Question

Four massless springs whose force constants are 2k, 2k, k and 2k respectively are attached to a mass M kept on a frictionless plane (as shown in the figure). If the mass M is displaced in the horizontal direction, then the frequency of the system.

• A. $\frac{1}{2\pi }\sqrt{\frac{K}{4M}}$
• B. $\frac{1}{2\pi }\sqrt{\frac{4K}{M}}$
• C. $\frac{1}{2\pi }\sqrt{\frac{K}{7M}}$
• D. $\frac{1}{2\pi }\sqrt{\frac{7K}{M}}$

Answer 1

The correct option is B $\frac{1}{2\pi }\sqrt{\frac{4K}{M}}$

Figure (2) is a reduced case of fig(1).In it find out the equivalent spring constant and replace spring by a spring which has spring constant equal to equivalent.

For series combination $\to \frac{2k.2k}{2k+2k}=k$

" parallel " $\to$ k+2k=3k

Now if we displace the mass by a distance $x$,then spring on left side applies a restoring force'$-kx$' and spring on right side applies a restoring force '$-3kx$'.

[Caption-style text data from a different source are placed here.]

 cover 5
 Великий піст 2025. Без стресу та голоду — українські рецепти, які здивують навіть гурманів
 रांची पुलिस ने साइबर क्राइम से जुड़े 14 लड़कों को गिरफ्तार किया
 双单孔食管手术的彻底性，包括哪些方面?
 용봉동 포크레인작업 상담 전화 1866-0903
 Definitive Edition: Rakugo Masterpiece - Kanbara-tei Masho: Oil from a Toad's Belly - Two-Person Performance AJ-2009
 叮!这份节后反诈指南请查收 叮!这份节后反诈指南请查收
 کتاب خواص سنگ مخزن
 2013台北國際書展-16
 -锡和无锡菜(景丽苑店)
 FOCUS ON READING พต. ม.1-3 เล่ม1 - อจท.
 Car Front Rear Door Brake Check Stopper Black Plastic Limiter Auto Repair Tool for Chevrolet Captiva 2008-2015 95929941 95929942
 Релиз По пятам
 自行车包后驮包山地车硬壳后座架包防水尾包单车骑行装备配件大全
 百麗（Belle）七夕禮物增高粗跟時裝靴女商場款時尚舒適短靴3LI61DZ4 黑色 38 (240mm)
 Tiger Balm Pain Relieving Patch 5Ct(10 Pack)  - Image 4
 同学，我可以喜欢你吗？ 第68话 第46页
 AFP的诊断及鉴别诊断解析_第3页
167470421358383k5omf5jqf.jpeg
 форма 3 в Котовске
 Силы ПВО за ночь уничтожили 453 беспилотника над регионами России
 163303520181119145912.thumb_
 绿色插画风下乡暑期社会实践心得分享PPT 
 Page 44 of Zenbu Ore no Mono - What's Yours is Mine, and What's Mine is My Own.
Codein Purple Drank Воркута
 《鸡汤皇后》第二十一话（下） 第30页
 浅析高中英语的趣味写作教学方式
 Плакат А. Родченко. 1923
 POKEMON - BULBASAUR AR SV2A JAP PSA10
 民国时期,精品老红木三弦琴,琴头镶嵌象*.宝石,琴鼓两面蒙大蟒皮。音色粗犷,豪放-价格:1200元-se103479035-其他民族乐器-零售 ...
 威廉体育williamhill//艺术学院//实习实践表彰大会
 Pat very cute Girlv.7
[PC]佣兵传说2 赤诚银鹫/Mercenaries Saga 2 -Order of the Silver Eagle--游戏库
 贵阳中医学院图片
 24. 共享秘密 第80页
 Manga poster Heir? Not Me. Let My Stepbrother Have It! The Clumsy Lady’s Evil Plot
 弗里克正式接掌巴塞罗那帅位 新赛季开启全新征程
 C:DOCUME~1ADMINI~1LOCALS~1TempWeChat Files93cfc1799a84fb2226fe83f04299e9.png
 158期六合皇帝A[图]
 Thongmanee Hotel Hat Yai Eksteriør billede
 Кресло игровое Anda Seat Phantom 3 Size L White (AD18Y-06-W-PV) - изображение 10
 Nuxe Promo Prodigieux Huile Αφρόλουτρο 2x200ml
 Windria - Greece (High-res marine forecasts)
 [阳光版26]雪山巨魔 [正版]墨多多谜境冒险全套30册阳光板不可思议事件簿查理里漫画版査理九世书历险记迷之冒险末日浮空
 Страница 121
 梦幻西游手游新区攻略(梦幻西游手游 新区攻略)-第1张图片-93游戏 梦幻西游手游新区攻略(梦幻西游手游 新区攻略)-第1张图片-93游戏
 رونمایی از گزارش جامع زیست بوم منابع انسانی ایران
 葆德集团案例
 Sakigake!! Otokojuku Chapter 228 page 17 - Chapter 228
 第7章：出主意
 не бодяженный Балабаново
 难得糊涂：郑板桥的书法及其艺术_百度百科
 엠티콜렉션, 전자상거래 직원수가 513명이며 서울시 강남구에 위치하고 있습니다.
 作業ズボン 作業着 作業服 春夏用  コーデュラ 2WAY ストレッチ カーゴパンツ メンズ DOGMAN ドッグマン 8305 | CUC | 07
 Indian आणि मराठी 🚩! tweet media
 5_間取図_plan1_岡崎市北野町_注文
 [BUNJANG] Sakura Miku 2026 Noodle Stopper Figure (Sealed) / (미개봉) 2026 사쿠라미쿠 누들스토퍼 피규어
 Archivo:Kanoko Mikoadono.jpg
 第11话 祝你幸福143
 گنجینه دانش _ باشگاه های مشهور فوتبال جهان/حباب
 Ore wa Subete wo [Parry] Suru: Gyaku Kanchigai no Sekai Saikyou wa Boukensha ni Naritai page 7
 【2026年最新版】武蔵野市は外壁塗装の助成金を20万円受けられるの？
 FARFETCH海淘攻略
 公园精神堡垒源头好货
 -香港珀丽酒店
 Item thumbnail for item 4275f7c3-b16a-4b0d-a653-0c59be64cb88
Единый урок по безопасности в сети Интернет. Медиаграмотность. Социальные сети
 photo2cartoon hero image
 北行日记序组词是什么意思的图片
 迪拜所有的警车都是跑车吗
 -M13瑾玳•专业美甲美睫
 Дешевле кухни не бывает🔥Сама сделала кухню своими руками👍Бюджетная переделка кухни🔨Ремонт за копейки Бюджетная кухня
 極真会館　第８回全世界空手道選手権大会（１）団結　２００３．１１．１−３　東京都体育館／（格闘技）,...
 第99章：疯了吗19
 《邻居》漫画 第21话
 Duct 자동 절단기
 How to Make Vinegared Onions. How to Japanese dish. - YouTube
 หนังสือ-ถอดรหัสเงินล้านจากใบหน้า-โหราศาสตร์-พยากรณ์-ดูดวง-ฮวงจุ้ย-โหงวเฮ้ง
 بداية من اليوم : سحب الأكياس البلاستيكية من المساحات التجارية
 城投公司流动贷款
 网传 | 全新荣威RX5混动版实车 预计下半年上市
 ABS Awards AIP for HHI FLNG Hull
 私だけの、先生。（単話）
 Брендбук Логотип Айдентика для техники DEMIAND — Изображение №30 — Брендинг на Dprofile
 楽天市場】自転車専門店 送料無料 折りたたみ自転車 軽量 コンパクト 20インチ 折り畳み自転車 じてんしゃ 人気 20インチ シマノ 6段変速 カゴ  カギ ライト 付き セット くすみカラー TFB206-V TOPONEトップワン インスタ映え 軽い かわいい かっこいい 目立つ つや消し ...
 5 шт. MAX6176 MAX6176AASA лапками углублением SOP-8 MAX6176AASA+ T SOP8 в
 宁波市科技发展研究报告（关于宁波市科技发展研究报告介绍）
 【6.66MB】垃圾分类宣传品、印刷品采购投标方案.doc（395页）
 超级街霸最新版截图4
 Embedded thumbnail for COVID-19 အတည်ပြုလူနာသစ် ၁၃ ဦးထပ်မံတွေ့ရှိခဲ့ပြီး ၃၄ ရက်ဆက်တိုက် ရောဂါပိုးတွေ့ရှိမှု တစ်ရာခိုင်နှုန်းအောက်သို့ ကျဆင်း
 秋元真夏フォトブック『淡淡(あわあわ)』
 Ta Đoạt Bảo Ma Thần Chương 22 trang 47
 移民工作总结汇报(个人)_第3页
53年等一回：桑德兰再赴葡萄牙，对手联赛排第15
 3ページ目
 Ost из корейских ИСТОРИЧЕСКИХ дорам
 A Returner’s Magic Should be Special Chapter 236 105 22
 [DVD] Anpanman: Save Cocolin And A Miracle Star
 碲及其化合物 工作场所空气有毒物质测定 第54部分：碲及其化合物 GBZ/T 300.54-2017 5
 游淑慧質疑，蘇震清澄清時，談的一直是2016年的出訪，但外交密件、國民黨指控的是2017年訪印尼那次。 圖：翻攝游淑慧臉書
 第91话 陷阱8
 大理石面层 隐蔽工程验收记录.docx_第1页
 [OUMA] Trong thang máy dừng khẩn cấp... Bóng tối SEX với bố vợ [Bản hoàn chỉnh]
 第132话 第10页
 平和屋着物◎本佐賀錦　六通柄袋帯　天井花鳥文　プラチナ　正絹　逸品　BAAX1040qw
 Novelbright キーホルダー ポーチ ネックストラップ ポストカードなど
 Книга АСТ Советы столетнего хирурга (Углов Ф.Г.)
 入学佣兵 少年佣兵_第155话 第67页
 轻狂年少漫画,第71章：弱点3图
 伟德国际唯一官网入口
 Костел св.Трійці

So, total force on mass 'm'

$F=-(k+3k)x$

$\Rightarrow ma+4kx=0$

$\Rightarrow a+\left(\frac{4k}{m}\right)x=0\Rightarrow a+{\omega }^{2}x=0$

Here $\omega =\sqrt{\frac{4k}{m}}$ = angular frequency of oscillation.

frequency $f=\frac{\omega }{2\pi }=\frac{1}{2\pi }\sqrt{\frac{4k}{m}}$